At those levels, demand will eventually be destroyed as oil becomes unaffordable. The spike will be sharp, painful, and unavoidable in the near term. Exxon’s five-year-old trading organization in Houston, London, and Singapore sees this with unmatched precision.

The current oil price is a dangerous mispricing built on borrowed time and drained inventories.

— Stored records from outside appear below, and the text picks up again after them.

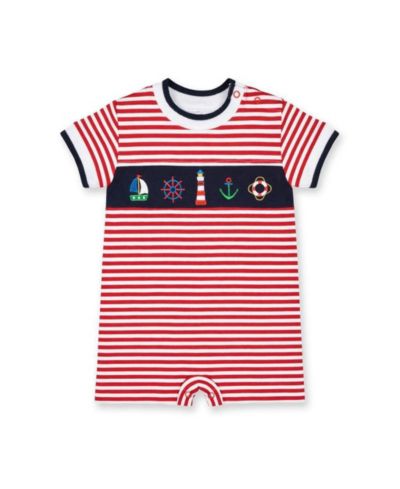Детский трикотажный комбинезон Florence Eiseman Baby Boy Stripe Knit Shortall with Nautical Applique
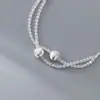 Nalan Plata S925 Exquisito y Sencillo Ins Nicho Doble Capa Diamante Ojo de Gato Pulsera de Cuentas Ajustable por Tirador S8178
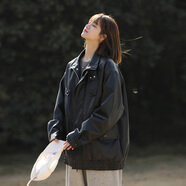 QGF美式pu皮衣外套女春秋季新款機車(chē)夾克小個(gè)子寬松休閑設計感上衣服 XZ914-5-JK622黑色 XL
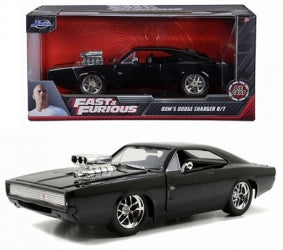 1:24 scale black diecast Dodge Charger R/T model car with Fast & Furious packaging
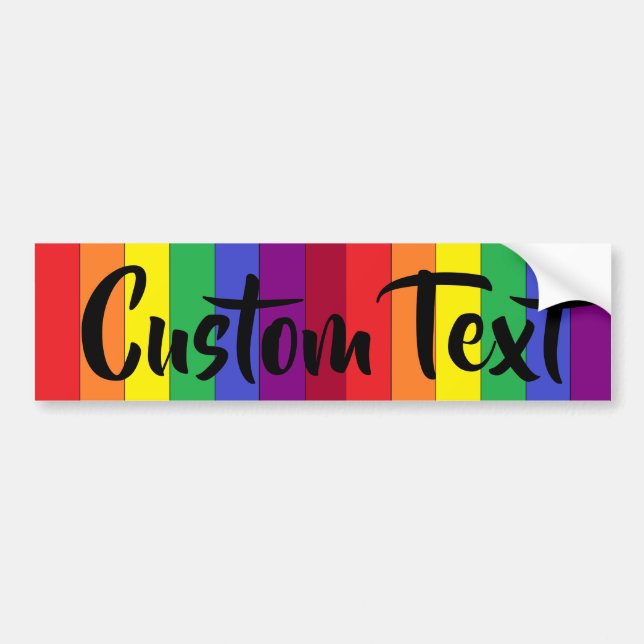 Rainbow Pride CUSTOM bumper sticker (Front)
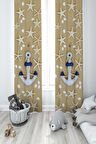 MEKTA HOME BEBEK VE ÇOCUK ODASI Kahverengi Çapa Desenli 2 Kanat Fon Perde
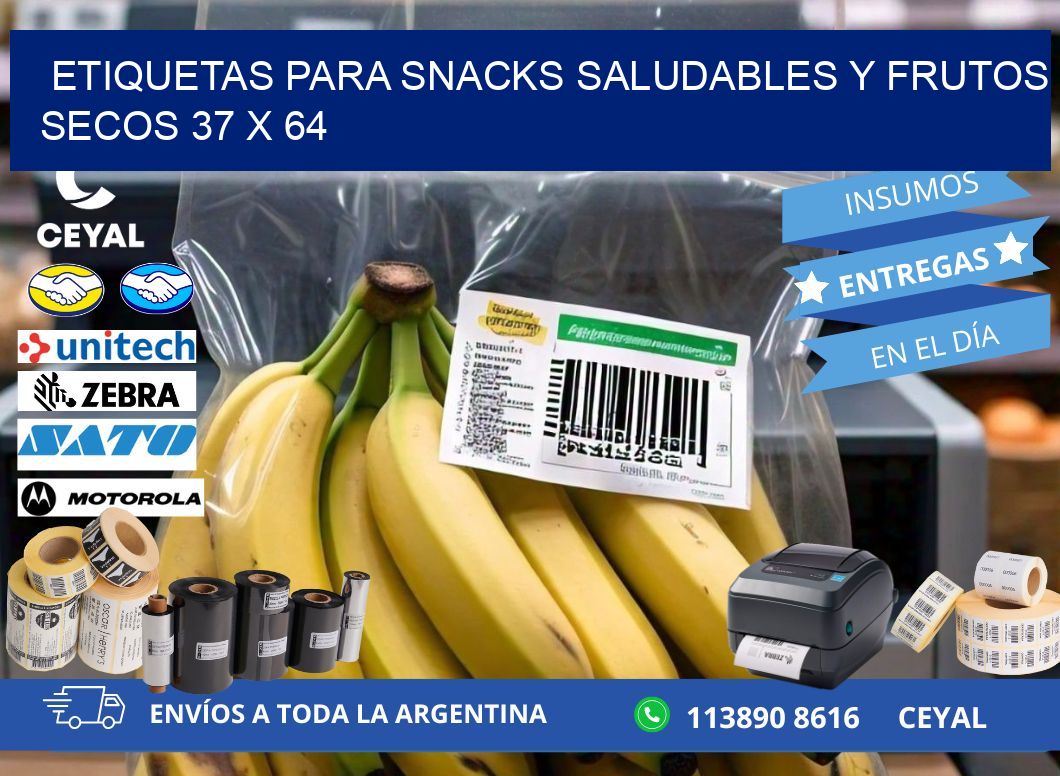 Etiquetas para snacks saludables y frutos secos 37 x 64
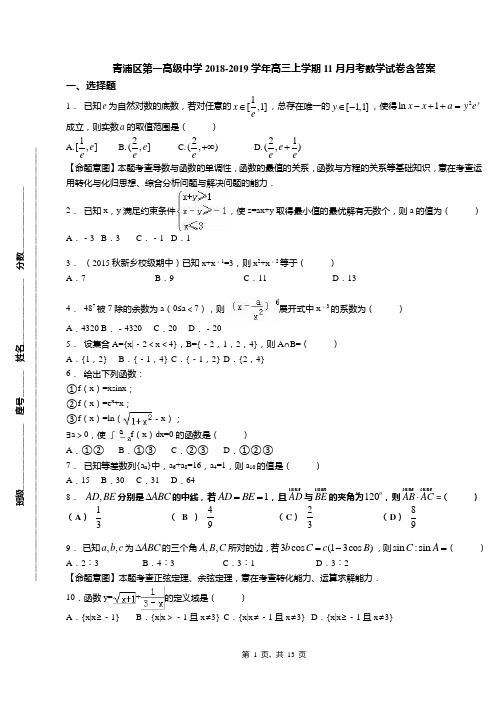 青浦区第一高级中学2018-2019学年高三上学期11月月考数学试卷含答案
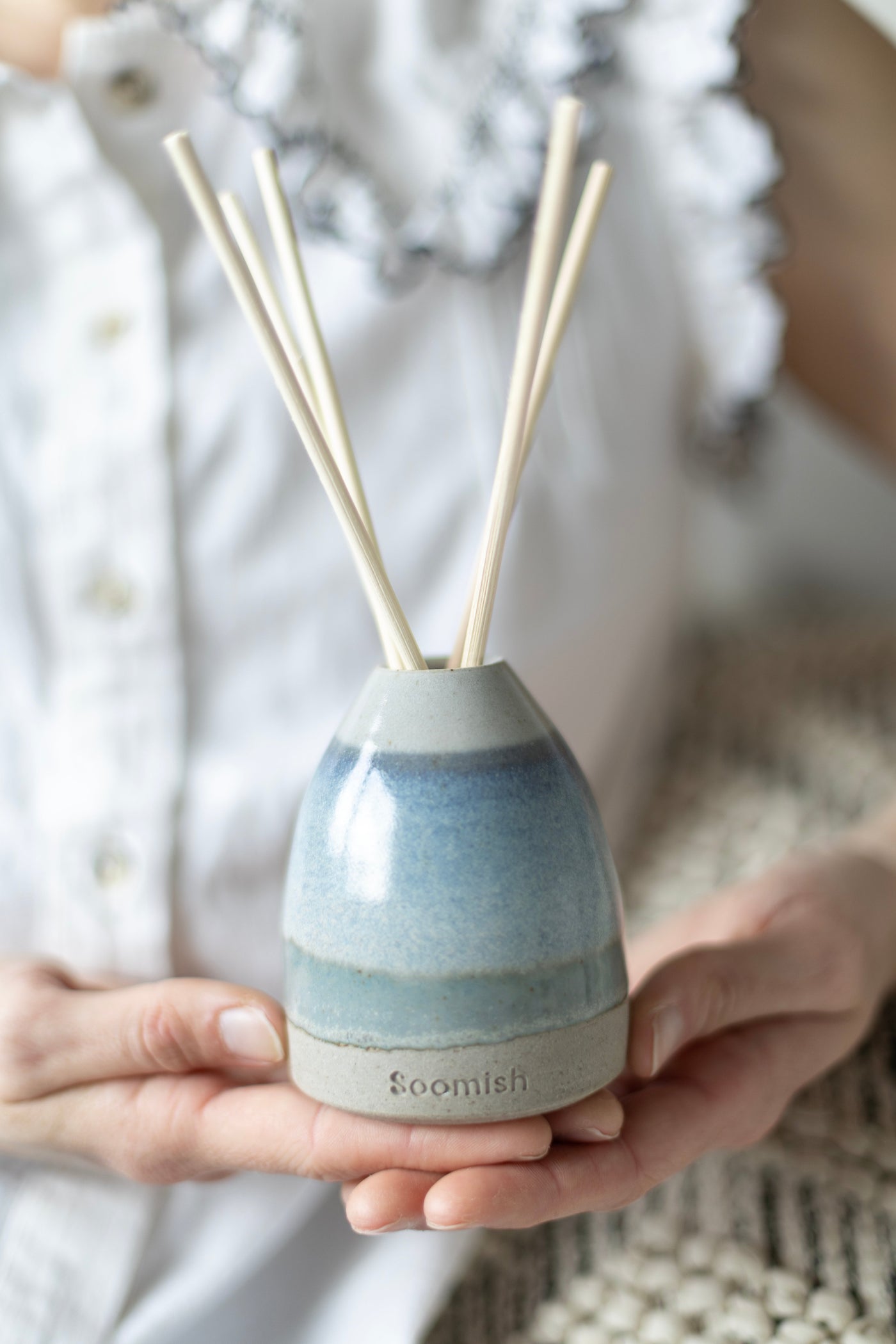 Hand thrown Ceramic Reed Diffuser - Blue Sky – Country Living Marketplace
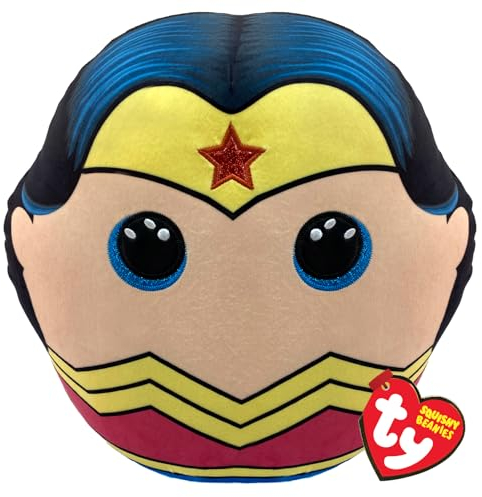 TY Wonder Woman Squishy Beanie - 10 Soft Plush Toy | Cuddly Collectible for Kids & Babies | Stuffed Teddy Plushies | DC Comics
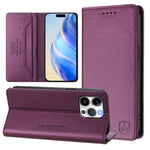 غطاء هاتف جلدي مغناطيسي RC01 قابل للطي مزدوج مع خاصية RFID، لهواتف iPhone 16 Pro، iPhone 16 Plus، iPhone 16، iPhone 15 Pro Max، iPhone 15 Pro، iPhone 15 Plus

The fuse is allegedly lit—and the explosion is coming fast. The repricing will be violent, driven mostly by need. The oil companies will also gouge us.

The World Bank/IMF/IEA

They are all warning of an incoming energy crisis that could become “the biggest shock ever to the global energy market.”

The Federal Reserve

The Fed’s “Financial (IN)Stability Report flagged geopolitical risk and oil shock as MAJOR concerns, warning of inflation and growth risks due to energy shock.

JPMorgan/Jamie Dimon

He warned that the Iran war could drive inflation and interest rates higher, with oil shocks and sticky inflation as major risks.

Goldman Sachs

Goldman warned that global oil stocks are approaching an eight-year low and that the speed of depletion is a concern. President John Waldron also said, “We’re in a world of very strong nominal growth. The consumer is extraordinarily resilient, and the labor market is quite resilient. Inflation is probably the single biggest risk element.

EIA/US inventory data

Crude, gasoline, distillates, and SPR levels are “under pressure.” With commercial crude down, gasoline down for the 15th straight week, distillates/diesel dropping, and the SPR falling again.

Scott Bessent is optimistic.

The economic outlook is great, but oil is a big problem. Scott Bessent warns that we must become less reliant on the world, but he is generally optimistic.